1973 Ford Galaxie 400


They don't make them like this anymore!


The heater was fixed by dealer when he sold it to me; it stopped working again just before I sold it.

The A/C leaked, but was jury-rigged/fixed with a leak seal kit and a freon conversion kit, and 3 cans of R134-A from Wal-Mart. It slow leaked after that, but I'd just charge it and add one can of seal in May, and the A/C would blow cold thru next year. Way cheaper than an A/C shop!!

Anything else was my fault because I couldn't keep from tinkering with it!!

Oh yeah, the driver's side window crank wore out.

Most reliable 30 year old car I've ever had!!

This was a base Galaxie, with manual windows and locks.

General Comments:

It had a 400 Modified block and a C-6 transmission. The rear was a 8.7 with 2.73 gears.

I had some excess bucks, so I put in an Edelbrock cam and intake package and a 600 CFM Edelbrock carb. I also added a dual exhaust and Flowmaster mufflers, chromed open air cleaner and a Pertronix electronic ignition.

Once I got it set up right, I could get an honest 16 MPG at 65 mph with the A/C off. I also would cruise at 90 hauling a trailer, and my wife would hear me chuckling at how much power it still had left.

I never did find out how fast it could go; the speedometer bottomed out at 120. Second gear was good til 80 mph and was really strong.

I found the steering to be numb like any typical 70s American car, but the power brakes were great!

I let the car go once gas prices became impossible... but I still miss hearing that big V-8 sucking in that air. It was comfortable, could haul me and my family in comfort, and was quiet on the highway. Parts were cheap and readily available, and upkeep was minimal.

Would you buy another car from this manufacturer? Yes

Review Date: 24th June, 2007

1965 Ford Galaxie 500 289c.i.d.


My '65 Galaxie does turn a lot of heads


The oil pan gaskets leak a little.

The driver's side of the front seat has started to wear badly.

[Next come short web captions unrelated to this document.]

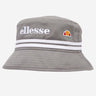 Ellesse Bucket Hats  Lorenzo bucket hat - grey 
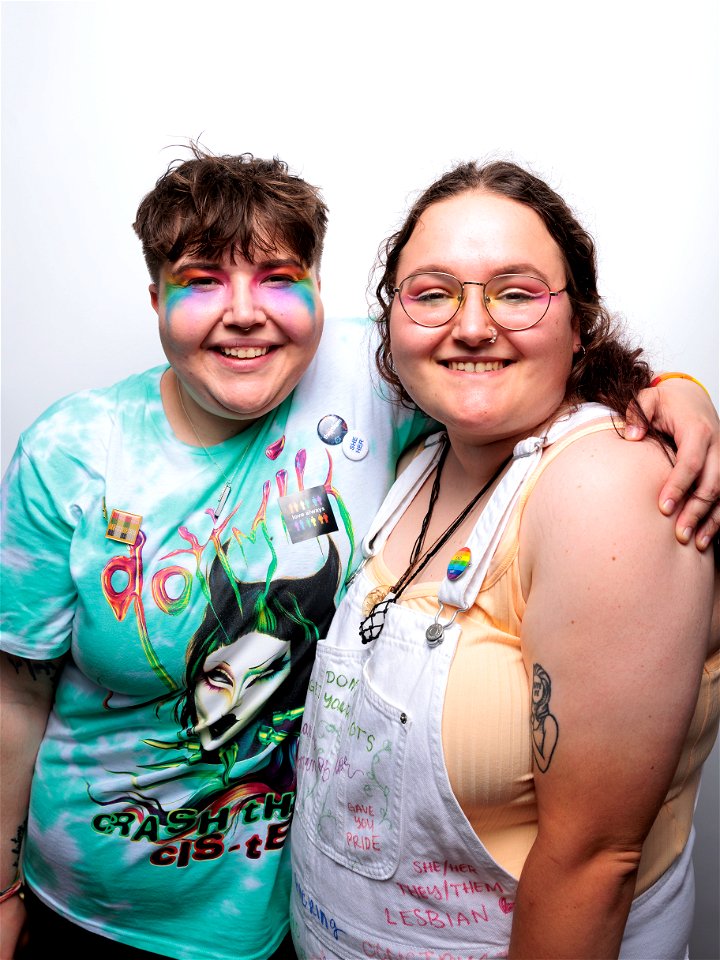 Bangor Pride Festival 2022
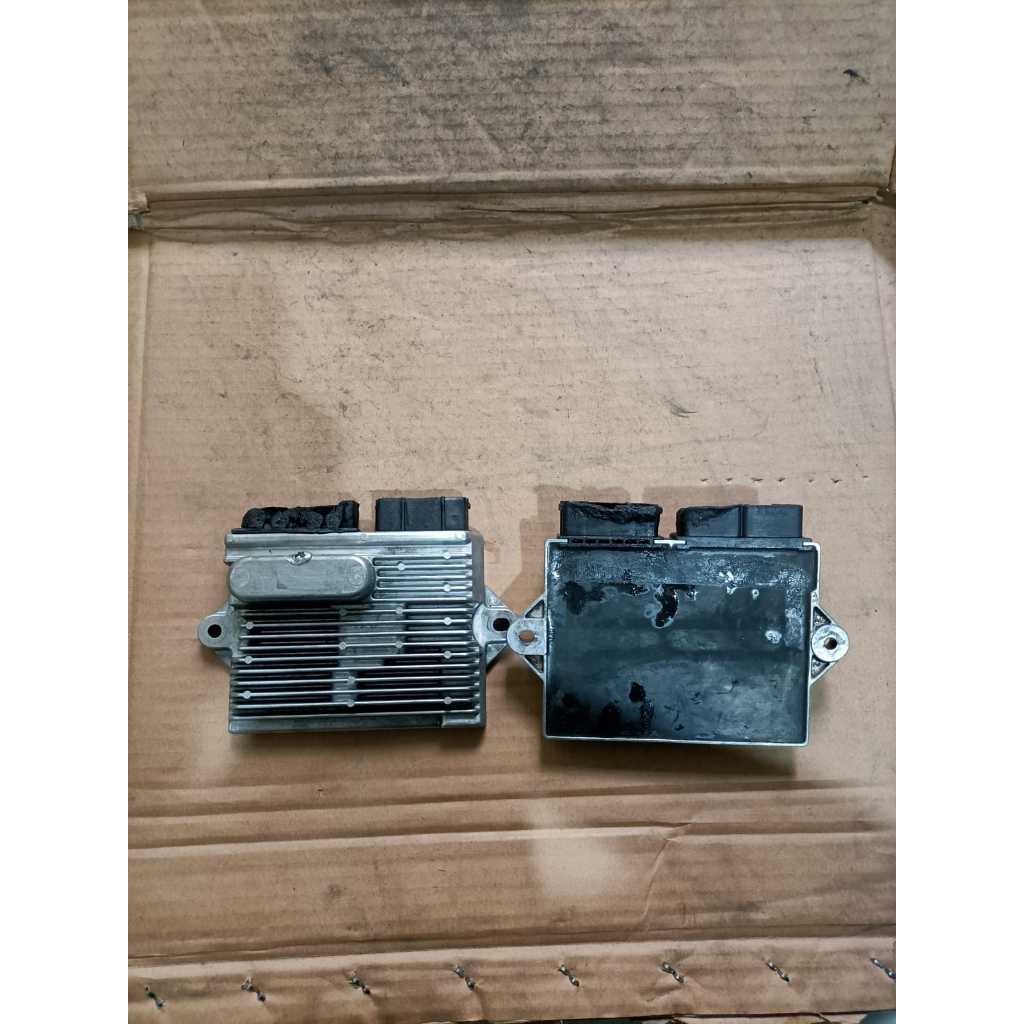 SGCU BAHAN SERVIS NMAX,AEROx,LEXSI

The weatherstripping is old and worn.

General Comments:

The car has an AM radio built in the dash that cannot be replaced. The power and sound this little 289 puts out beats a radio any day!

Would you buy another car from this manufacturer? Don't Know

Review Date: 22nd April, 2005

23rd Apr 2005, 04:59

A little 289 in a big ol two-ton Galaxie, yet you rate performance a 10/10, hmmmm...

1967 Ford Galaxie 500 390 V8


It's like a boat, only more fun


It needed a new convertible top after sitting in storage for 25 years.

The voltage regulator went bad soon after I purchased the car.

One exhaust pipe rusted through.

The original valve cover gaskets rotted.

General Comments:

It handles very solidly at any speed and rides smoothly over bumps and rough roads.

The heater is amazing. It is so strong the car can be comfortable driven the top down even in the winter.

Except for height, this car is as big as most SUV's.

Acceleration is as quick as the nearly two ton curb weight allows for.

Surprising as it may seem, the car takes turns pretty well.

The factory drum brakes are not up to the task of controlling this car.

The engine is simple and easy to service and make repairs on.

Would you buy another car from this manufacturer? Yes

Review Date: 11th January, 2005

22nd Mar 2005, 12:02

This car is (a 1967 model) was manufactured on 23 June 1966 in Mahwah, NJ.

2nd Oct 2006, 10:30

I just got my '66 galaxie convertible and agree with everything said thus far, especially the braking system. After driving newer cars with power disc brakes, this car could put you in danger if you're not careful. With that said, it is an awesome car, easy to work on, and looks great!

23rd Aug 2009, 13:38

I had a '67 500 two door hardtop that I bought from my dad with 110,000 miles on it. It was a 240 6 cylinder with a three speed auto. It was a great car. The two door body and frame remained tight. The four door hardtop and the two door convertible both seemed to turn into "boats". The 390 that usually came was a dog. I don't know if a higher HP engine was available. My dad had the four door hardtop with a 390 also. I drove it a little. I thought it was a boat.

The two door hardtop was a different story. With the suspension set at the correct height (the Fords would sag, especially after a winter of heavy snow on their hoods), the car responded well on the road. It felt like a much smaller auto. Due to the advertising of the Plymouth GTX and the Hemi engine at the time, the sleeper Ford two door hardtop slept as a secret for those who owned one to enjoy.